O Brasil e muitos outros países vivem uma crise dos espaços públicos, do exercício da cidadania. A escola pode ajudar a revertê-la? Como?

A escola segue sendo a instituição mais adequada para iniciar a população no exercício de uma cidadania comprometida. Cada vez mais, ela chega a todos os núcleos populacionais, de forma mais ou menos organizada, e – o mais importante – dispõe de muitos profissionais que escolheram exercer de forma beligerante uma ação decidida visando a uma sociedade melhor. Isso permite identificar a escola como o meio fundamental de que dispõe a sociedade para formar o aluno nos princípios básicos de participação, colaboração, sentido crítico e espírito democrático.

O como consegui-lo está relacionado a alguns dos conceitos a que já me referi: formação para todos e em competências para a vida e, para isso, o uso de metodologias condizentes com o conhecimento científico de que dispomos sobre os processos de aprendizagem. Metodologias que, de forma sucinta, possam dar conta de traduzir para o aluno o que é a atividade do professor: modelos cooperativos, assembléias de classe, co-gestão da aula, projetos, investigação do meio, simulações, análise de casos etc. Formas de ensinar mais atentas àquilo que os alunos são capazes de aprender do que àquilo que somos capazes de ensinar.


O senhor não teme que os cursos de reciclagem, ao invés de serem um meio para o professor repensar sua atuação, sejam apenas meios para se criar apêndices de informação?

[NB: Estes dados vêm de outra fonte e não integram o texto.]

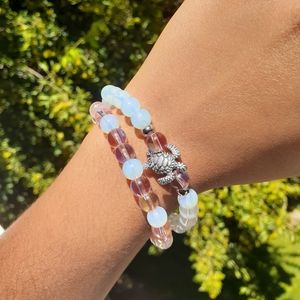 Pink Sun Catcher bracelets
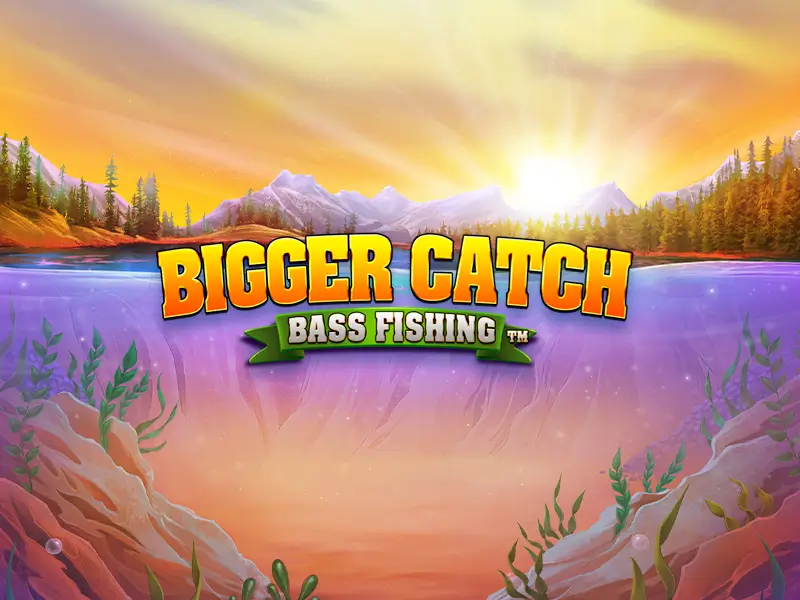 Capa do jogo Bigger Catch Bass Fishing
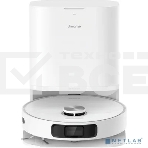 Робот-пылесос Dreame RLL11GC L10 Prime белый, 60 Вт, 5200 мАч Li-Ion, уборка сухая/влажная, пылесборник контейнер 0.45 л, фото4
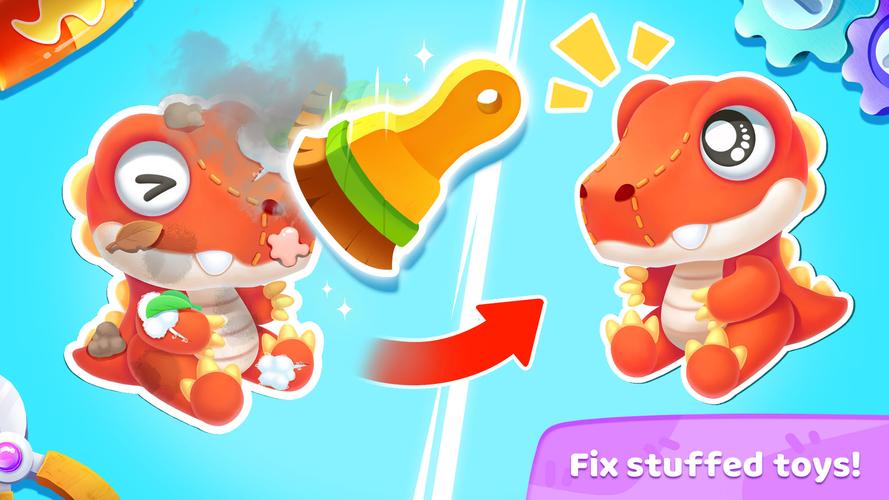 Little Panda Toy Repair Master स्क्रीनशॉट 3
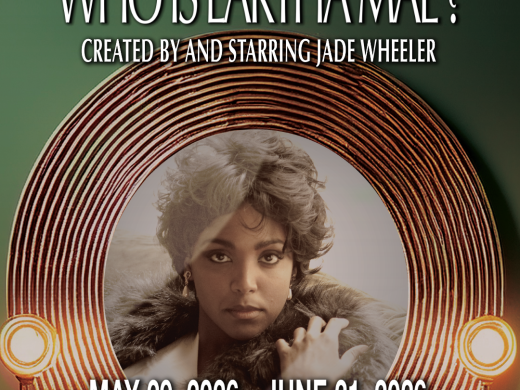 Who is Eartha Mae? Created by & starring Jade Wheeler, May 29 to June 21, 2025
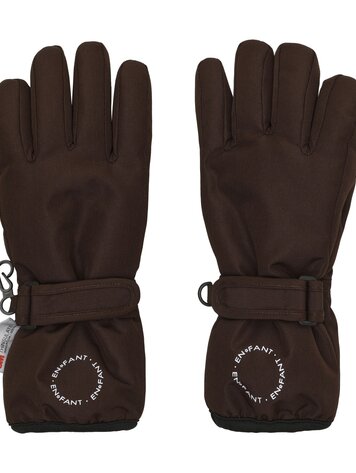 En Fant Gloves Waterproof 2124 Coffee Bean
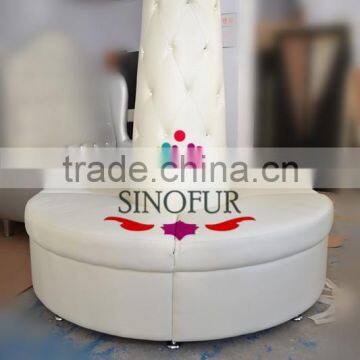 round sofa wedding furniture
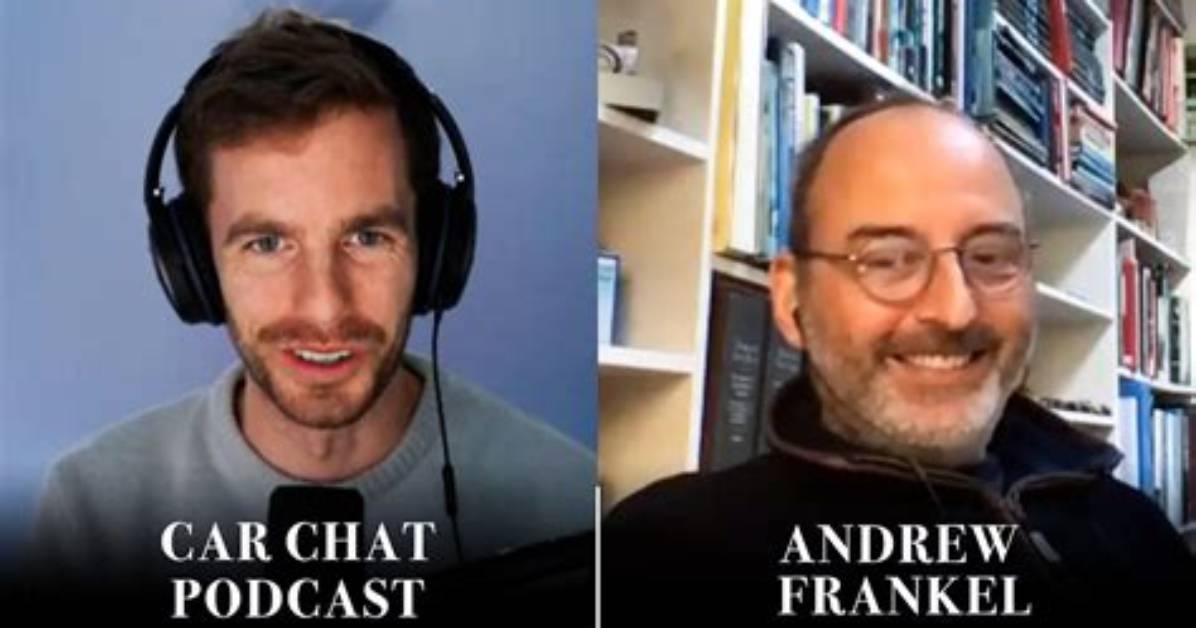 Andrew Frankel: the Mastermind Behind Automotive Excellence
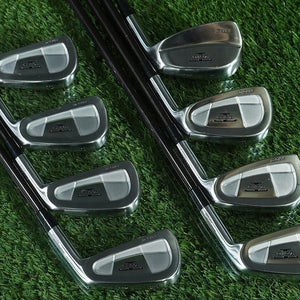 MIZUNO T-ZOID PRO II IRONS 3-PW PURED FUJIKURA VISTA PRO 90 REGULAR RH ~ NICE!!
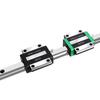 Guia deslizante de precisão de grau HGH30CA em estoque flange HGW30CC motor elétrico trilho deslizante linear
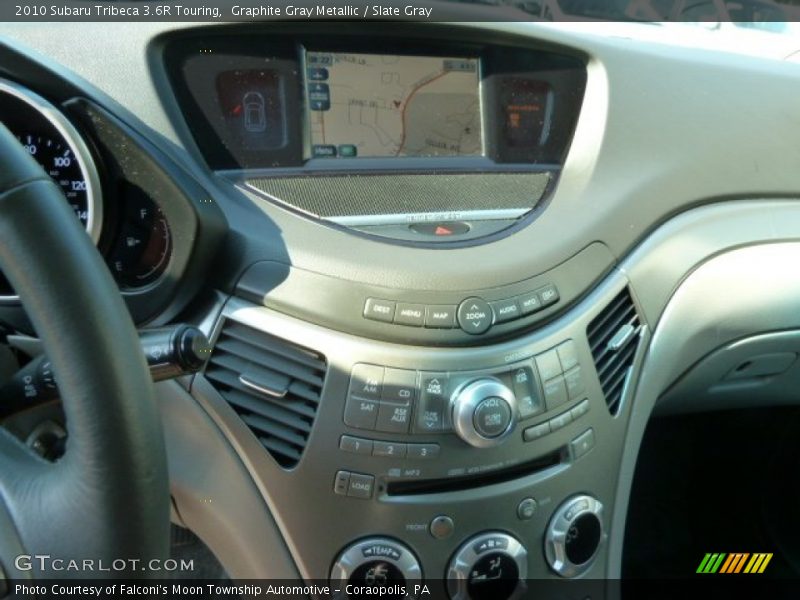 Graphite Gray Metallic / Slate Gray 2010 Subaru Tribeca 3.6R Touring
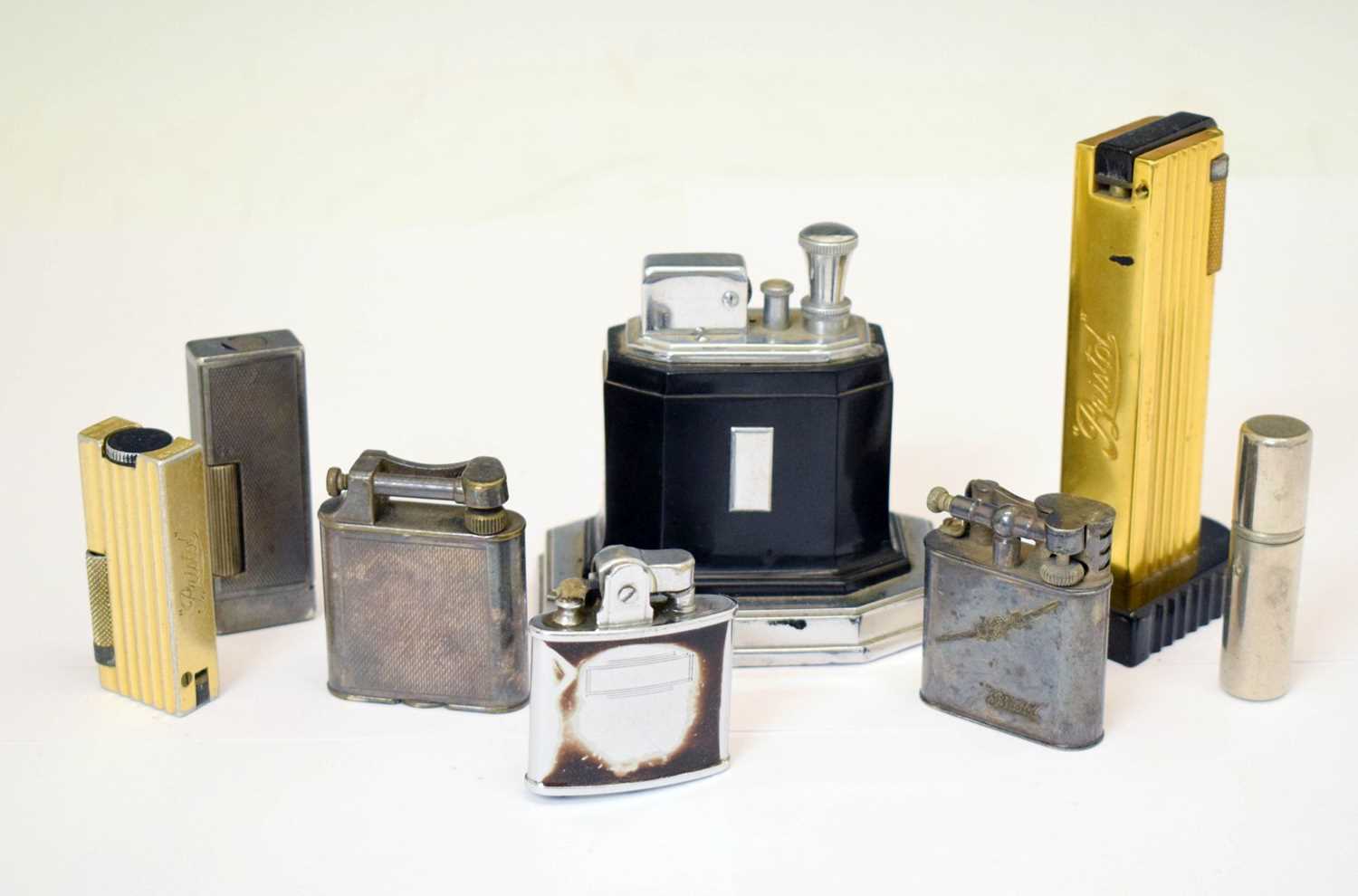 Lot 506 - Quantity of vintage cigarette lighters
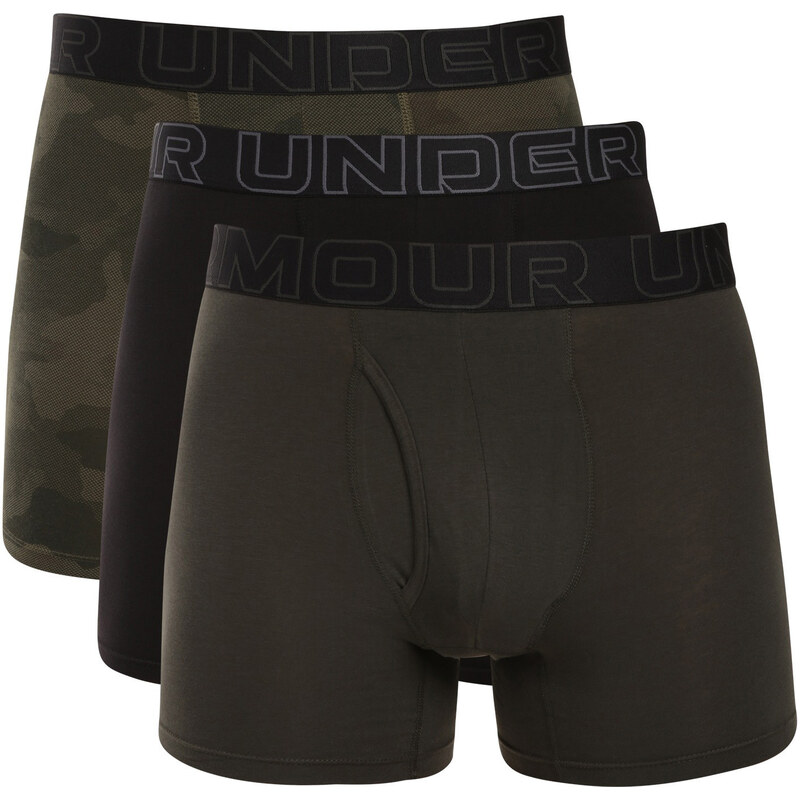 3PACK pánske boxerky Under Armour viacfarebné (1383890 392) 68419126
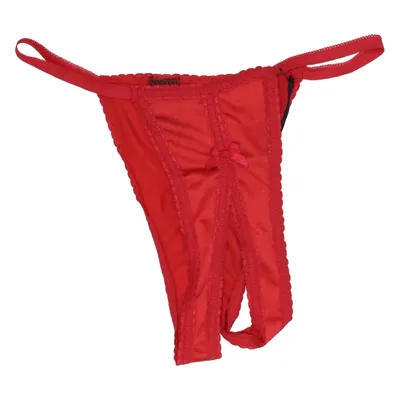 Stringtrosor (Crotchless Panty) från Coquette Elastan, Polyamid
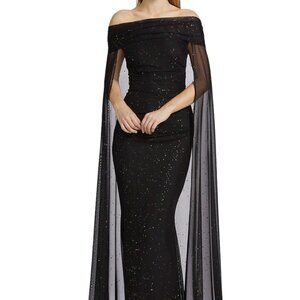 Talbot Renhof Cape Dress Size 8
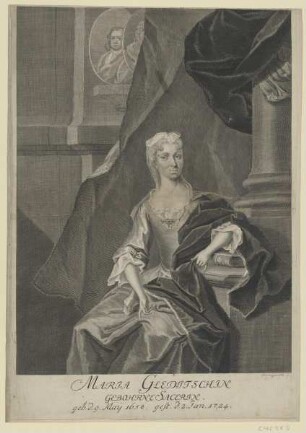 Bildnis der Maria Gleditsch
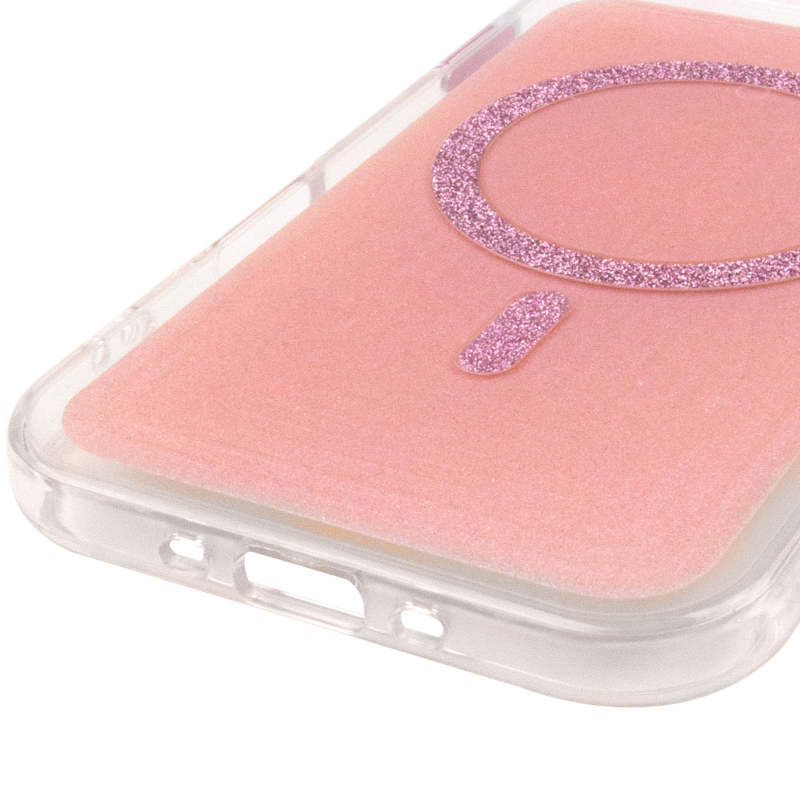Чохол TPU + PC Jewel Sparkle with Magnetic Fit для Apple iPhone 17 Air (6.5″)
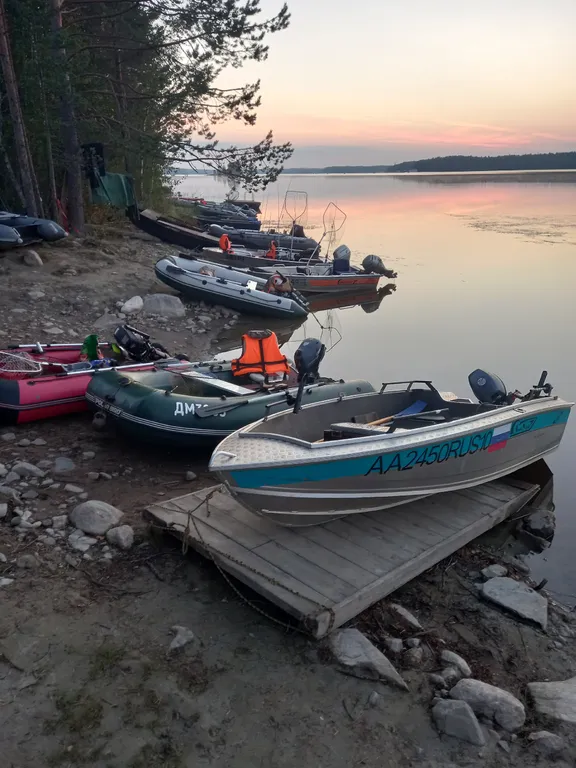 Уютный дом со всеми удобствами на берегу озера Верхнее Куйто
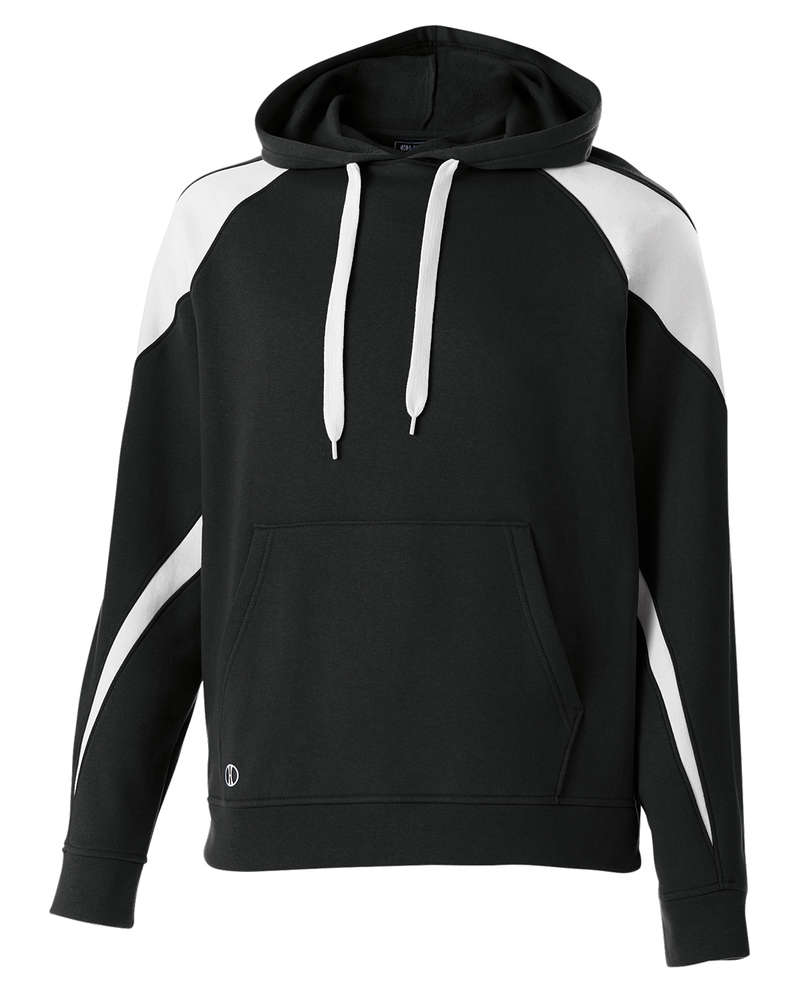 holloway 229646 youth prospect athletic fleece hoodie Front Fullsize
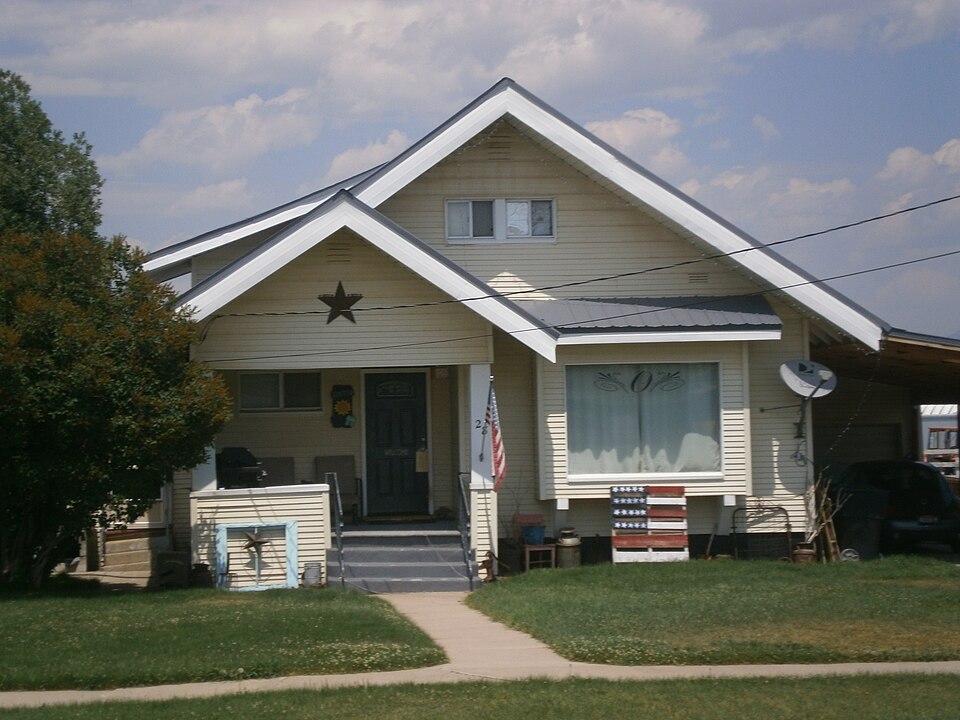 Photograph of Orson Grimmett Bungalow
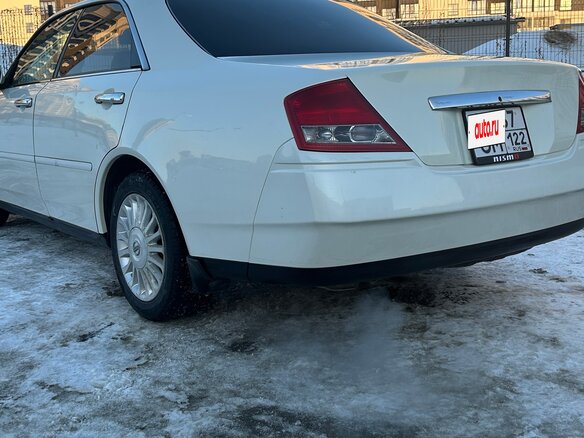 2002 Nissan Cedric X (Y34), белый, 700000 рублей - вид 9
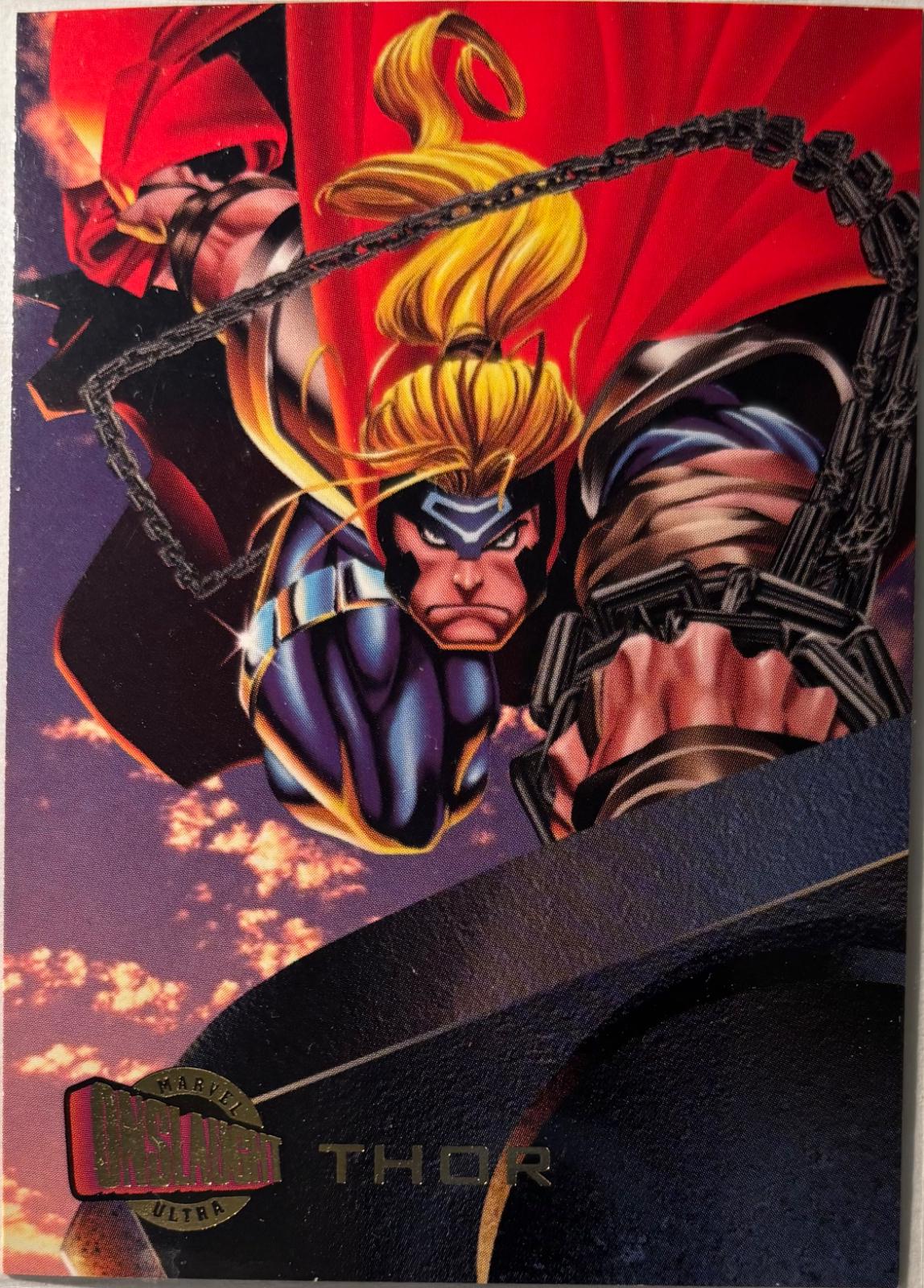 Thor #29 Marvel 1996 Fleer Ultra Onslaught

Infelizmente, os modelos tradicionais e obsoletos de ensino se reproduzem, de forma incoerente, na formação do professorado. Pretende-se uma formação para que o professor seja competente em aula, mas as estratégias utilizadas são adequadas apenas para um conhecimento teórico e descontextualizado.

A formação do professorado deve passar inexoravelmente pela reflexão sobre a prática, a partir do uso de referenciais teóricos sólidos, porém sempre acompanhados de modelos de intervenção reais, ou seja, de técnicas, estratégias e métodos didáticos. É um conjunto de habilidades profissionais que, uma vez conhecidas e fundamentadas, só serão dominadas mediante um trabalho sistemático de aplicação em aula, com apoio de especialistas nessas técnicas.


Depois de muito tempo ausente, o ensino de filosofia está voltando ao ensino médio no Brasil. O senhor crê que isso pode ajudar os alunos a ter visões de conjunto e a entender melhor o universo do pensamento complexo?

É impossível participar ativamente desta sociedade se não se dominam estratégias de análise e de ação na e para a complexidade. O ensino que herdamos compartimentou o conhecimento em áreas cada vez mais alijadas da finalidade para as quais foram criadas: de serem meios para a compreensão de algum aspecto da realidade. Essa separação em saberes estanques teve uma resposta perversa na escola ao criar um ensino baseado na aprendizagem das disciplinas como um fim em si mesmo. Quer dizer, a matemática pela matemática, a língua pela língua, a física pela física etc. A partir dessa ótica, o importante não é ser competente, e sim dispor de um "conhecimento disciplinar".

Para se opor a isso é imprescindível não uma nova disciplina – ainda que seja uma disciplina totalizadora como a filosofia – mas algo capaz de integrar os princípios e métodos filosóficos em qualquer conteúdo de aprendizagem. Não tem sentido aprender nada que o aprendiz não saiba situar como meio para a compreensão de um mundo que sempre é complexo. Não serve para nada um conhecimento para aquele que é incapaz de fazer perguntas relevantes.


Até que ponto a escola tem de refletir as práticas e valores sociais e até que ponto deve buscar práticas e valores próprios?

 
Para que possa educar, a escola deve estabelecer o tipo de cidadão e cidadania que a sociedade necessita para ser cada vez melhor. Isso comporta uma definição de valores que muitas vezes não apenas não coincidem com os valores sociais que imperam como a eles se opõem. A educação só tem sentido quando está a serviço de ideais. Quanto mais distantes estejam esses ideais da realidade, maiores devem ser os meios de que tem de lançar mão a escola. Há que se ter em conta que não há educação sem utopias. Utopias que nunca serão alcançadas, mas sem as quais é impossível identificar o caminho que o processo educativo deve percorrer.